Stored data entries:
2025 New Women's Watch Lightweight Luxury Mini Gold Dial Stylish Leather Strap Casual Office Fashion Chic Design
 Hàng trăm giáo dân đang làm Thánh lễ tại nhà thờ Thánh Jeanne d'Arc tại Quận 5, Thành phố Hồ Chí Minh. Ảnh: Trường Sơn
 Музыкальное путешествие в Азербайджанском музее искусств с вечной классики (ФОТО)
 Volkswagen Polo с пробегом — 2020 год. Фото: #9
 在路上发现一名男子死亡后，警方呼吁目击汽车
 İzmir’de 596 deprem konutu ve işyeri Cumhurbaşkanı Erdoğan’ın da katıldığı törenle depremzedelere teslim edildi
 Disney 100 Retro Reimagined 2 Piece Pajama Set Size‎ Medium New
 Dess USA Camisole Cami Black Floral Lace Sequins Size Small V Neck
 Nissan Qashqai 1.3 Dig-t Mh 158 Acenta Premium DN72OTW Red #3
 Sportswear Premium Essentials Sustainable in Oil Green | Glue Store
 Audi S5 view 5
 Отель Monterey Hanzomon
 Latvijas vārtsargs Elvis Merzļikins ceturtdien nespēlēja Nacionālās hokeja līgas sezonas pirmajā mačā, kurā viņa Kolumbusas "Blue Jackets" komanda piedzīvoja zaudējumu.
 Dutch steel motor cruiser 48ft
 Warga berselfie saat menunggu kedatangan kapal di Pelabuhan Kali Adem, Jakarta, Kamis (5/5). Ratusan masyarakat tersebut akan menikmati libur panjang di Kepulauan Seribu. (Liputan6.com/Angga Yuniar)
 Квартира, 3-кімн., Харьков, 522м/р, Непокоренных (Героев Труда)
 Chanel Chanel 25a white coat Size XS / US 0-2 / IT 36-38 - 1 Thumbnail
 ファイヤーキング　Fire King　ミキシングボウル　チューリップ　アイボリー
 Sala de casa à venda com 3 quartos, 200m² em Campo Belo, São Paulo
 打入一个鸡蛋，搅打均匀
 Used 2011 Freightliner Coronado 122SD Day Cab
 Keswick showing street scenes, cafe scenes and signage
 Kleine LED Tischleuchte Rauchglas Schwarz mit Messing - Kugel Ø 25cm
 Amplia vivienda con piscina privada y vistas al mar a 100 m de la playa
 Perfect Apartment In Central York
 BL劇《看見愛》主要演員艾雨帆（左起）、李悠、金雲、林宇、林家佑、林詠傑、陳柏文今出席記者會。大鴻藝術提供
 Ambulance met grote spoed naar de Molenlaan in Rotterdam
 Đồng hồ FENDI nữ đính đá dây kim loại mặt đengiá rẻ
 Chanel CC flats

What to work on:
Lines in the data that hold "Size" must be located and copied.

Output of the task:
 Disney 100 Retro Reimagined 2 Piece Pajama Set Size‎ Medium New
 Dess USA Camisole Cami Black Floral Lace Sequins Size Small V Neck
 Chanel Chanel 25a white coat Size XS / US 0-2 / IT 36-38 - 1 Thumbnail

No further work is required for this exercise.